How To Do Twisted One-Legged Arm Balance Pose

Julia Lee
How To Do Twisted One-Legged Arm Balance Pose

Twisted One-Legged Arm Balance pose or Eka Pada Koundinyasana I — also known as Pose Dedicated to the Sage Koundinya — is a challenging twisted arm balance that’s kind of like graduating from Side Crow in the school of arm balancing. If you feel comfortable in Side Crow, chances are you’ll be able to manage Twisted One-Legged Arm Balance pose quite well! The trick is to extend out through your legs as actively as possible, almost as if you’re stretching your body taut. As a fledgling flyer, give yourself permission to fall so that you can pick yourself up bigger and better than before!

Benefits Of Twisted One-Legged Arm Balance Pose

Twisted One-Legged Arm Balance Ppose strengthens the arms, wrists and shoulders, and tones the core. The deep twisting action also helps to promote detoxification of the body and vitalizes the spine. Approach this pose with caution if you have any wrist issues or injuries.

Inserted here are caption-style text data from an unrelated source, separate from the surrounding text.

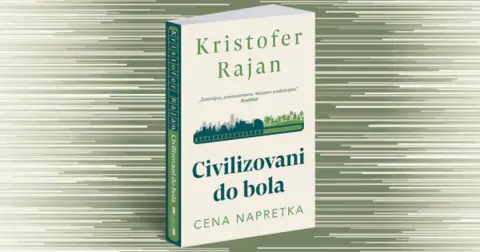Kristofer Rajan: Naš takozvani napredak - slika 2
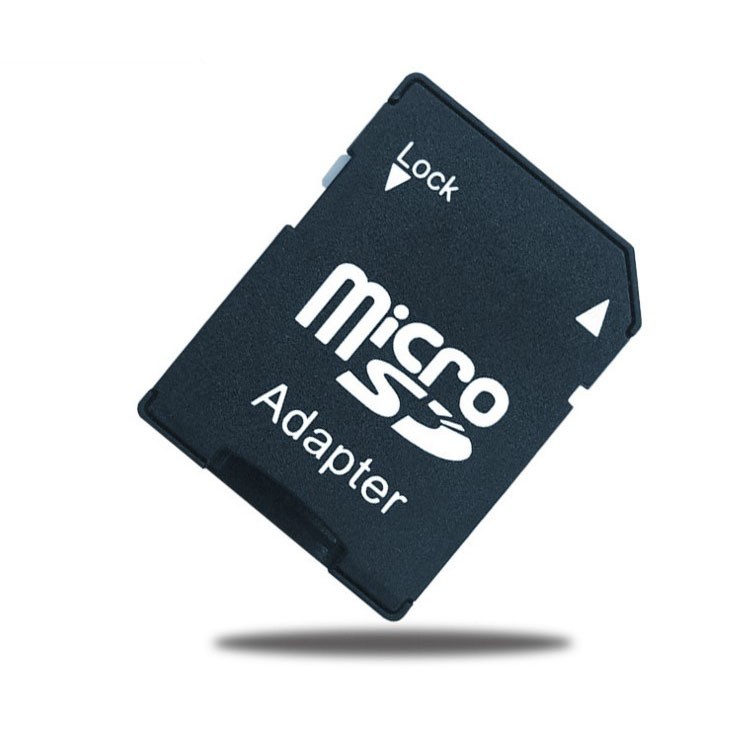 Áo thẻ nhớ microSD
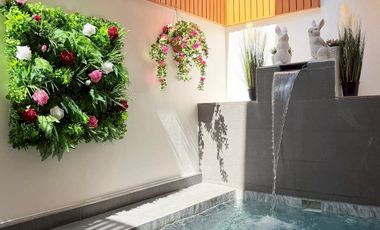 Pool Villa for Rent @ Naklua, Sukhumvit Soi 29/ 3 BED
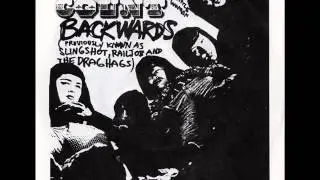 COUNT BACKWARDS - double decker bus/bad little woman
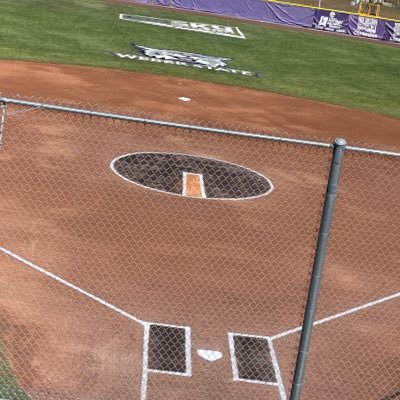 Weber State Sports Field Specialist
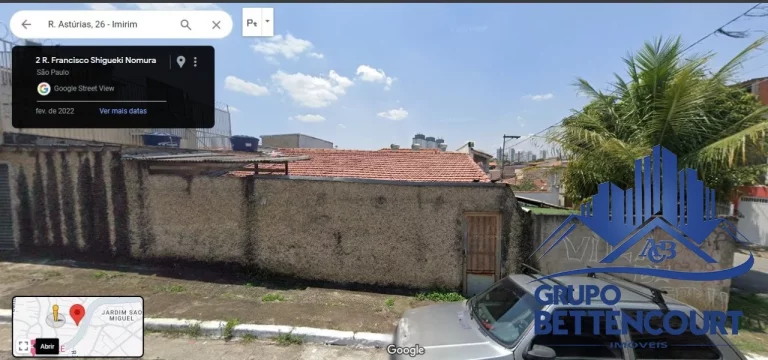 Foto do imóvel CASA RESIDENCIAL em SÃO PAULO - SP, IMIRIM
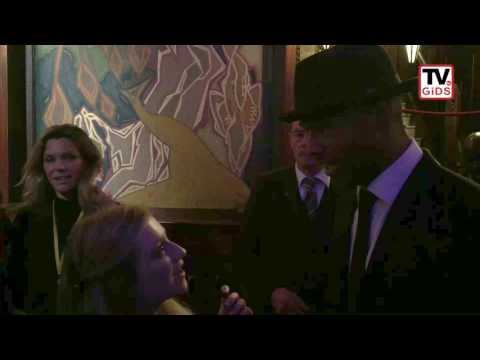 Première Mr. Probz - AGAINST THE STREAM - Interview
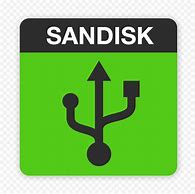 Image result for SanDisk Icon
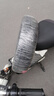 雙星汽車(chē)輪胎 DH05 155/65R14 75H適配長(cháng)安奧拓北斗星 曬單實(shí)拍圖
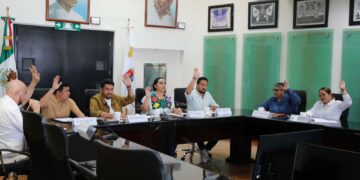 Congreso de Quintana Roo convoca a periodo extraordinario para analizar reforma al Poder Judicial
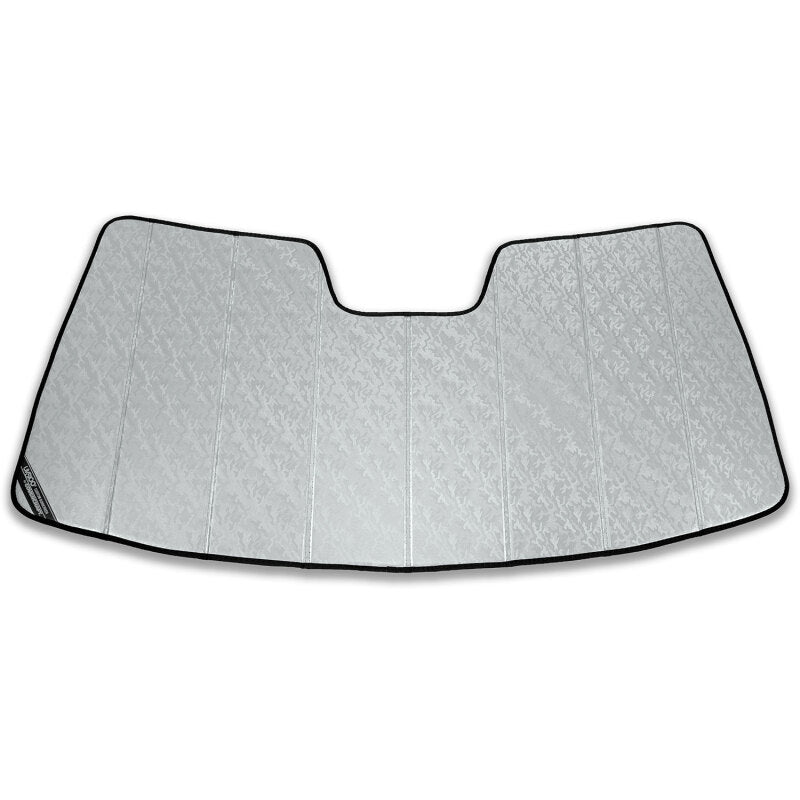 Covercraft 19-24 Dodge RAM 2500 3500 UVS100 Premier Series Custom Sunscreen - Chrome Camouflage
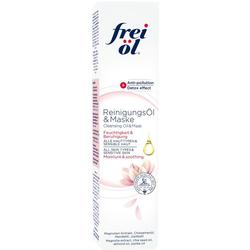 FREI OEL REINIGUNGSOEL+MAS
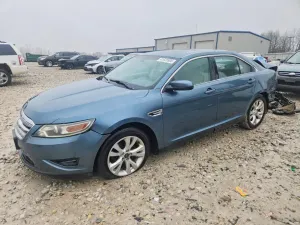 Ford Taurus 3.5L 6 2010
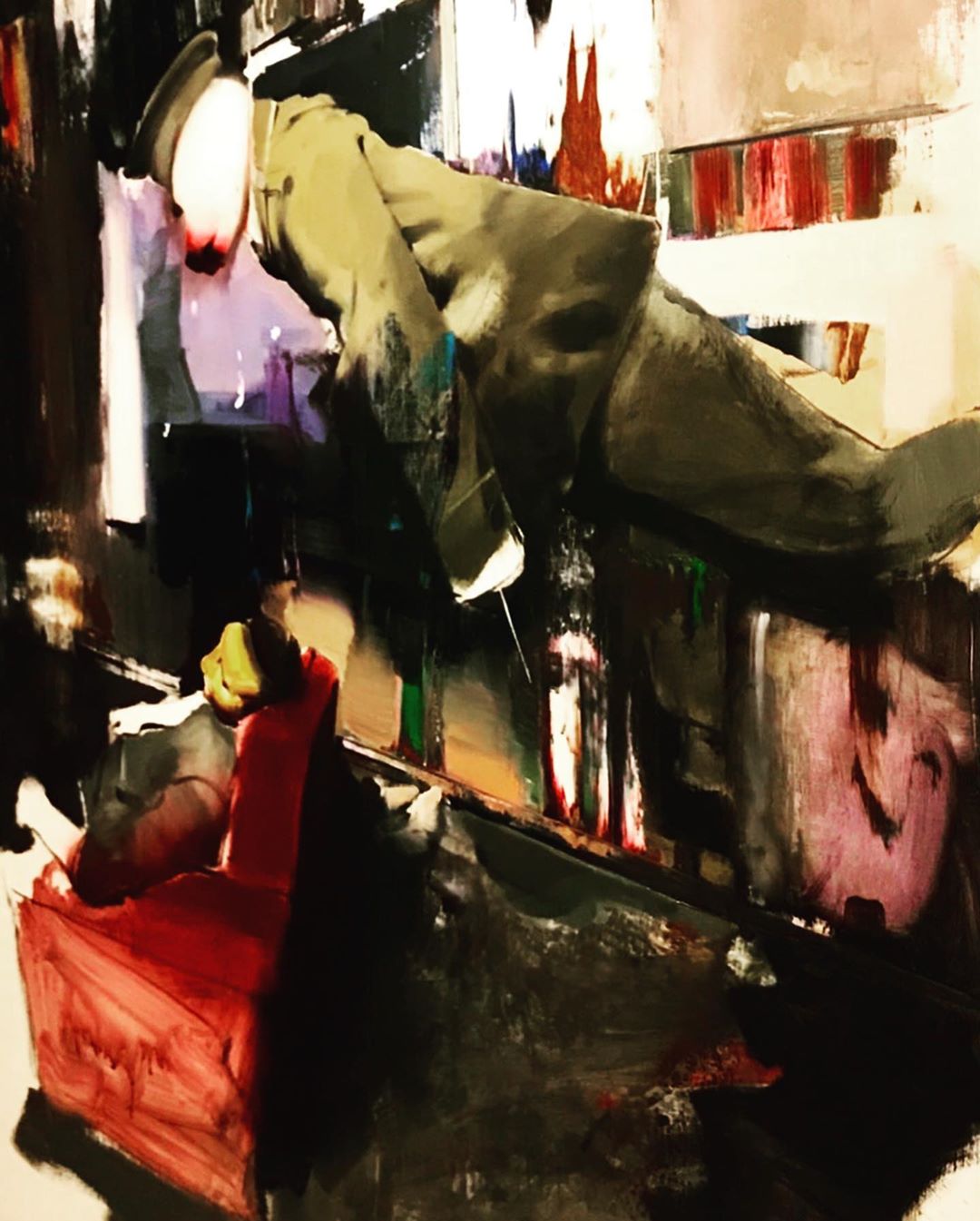 [Social Media] G-Dragon Instagram 2020-07-28 20:22:32 (KST) ? | #권지용 #지용 #GDragon - 8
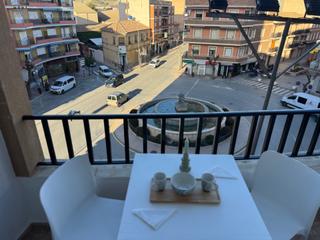 Etagenwohnung en Plaza del alpargatero 1. Bajada de precio - ?? piso en venta en pleno centro de cehegn 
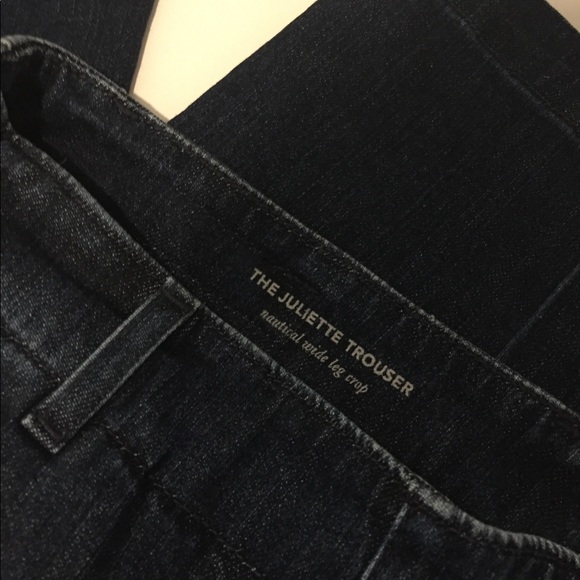 AJ Jeans “The Juliette Trouser” - Picture 4 of 5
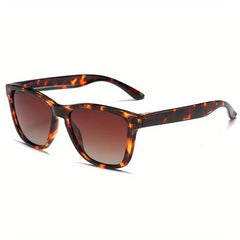 Women's Polarized Mirrored Sunglasses UV400 Protection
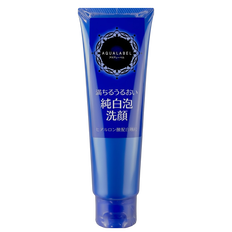Shiseido Aqualabel White Clear Foam-image1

Twisted One-Legged Arm Balance Pose Step-By-Step

  1. Begin by coming into Side Crow pose (Parsva Bakasana), ensuring that you can move deeply into the twist and get the outer thigh high up the upper arm.
  2. From Side Crow pose, simultaneously extend your bottom leg to the side while taking the top leg up and back. Keep the core engaged and the low belly in.
  3. Straighten the legs and reach out actively through the balls of both feet, energetically finding length along the legs.
  4. Keep the gaze forward and the shoulders level with one another.
  5. Hold the pose for up to 5 full breaths, then gently lower your feet on an exhale. Repeat on the other side whenever you feel ready.

Tips:

  • The more actively that you extend out of both legs, the more stability you’ll find in the pose; keeping the gaze focused on one fixed point will assist with balance and concentration.
  • You can also experiment with coming into the pose from Downward-Facing Dog by bending one knee and taking it across the body to the opposite tricep, then bending the elbows back into a Chaturanga arm and lifting the foot off the floor.
  • If balance feels difficult, try taking a bolster or some blocks underneath the back leg.
  • Just like Side Crow, there are two options for balancing this pose — using both arms as a “shelf” for the hips, or using one arm as the balance point. While using both arms requires a deeper twisting action in the torso, using one arm requires more upper body strength. Play around and figure out where feels like the most appropriate place for you to begin.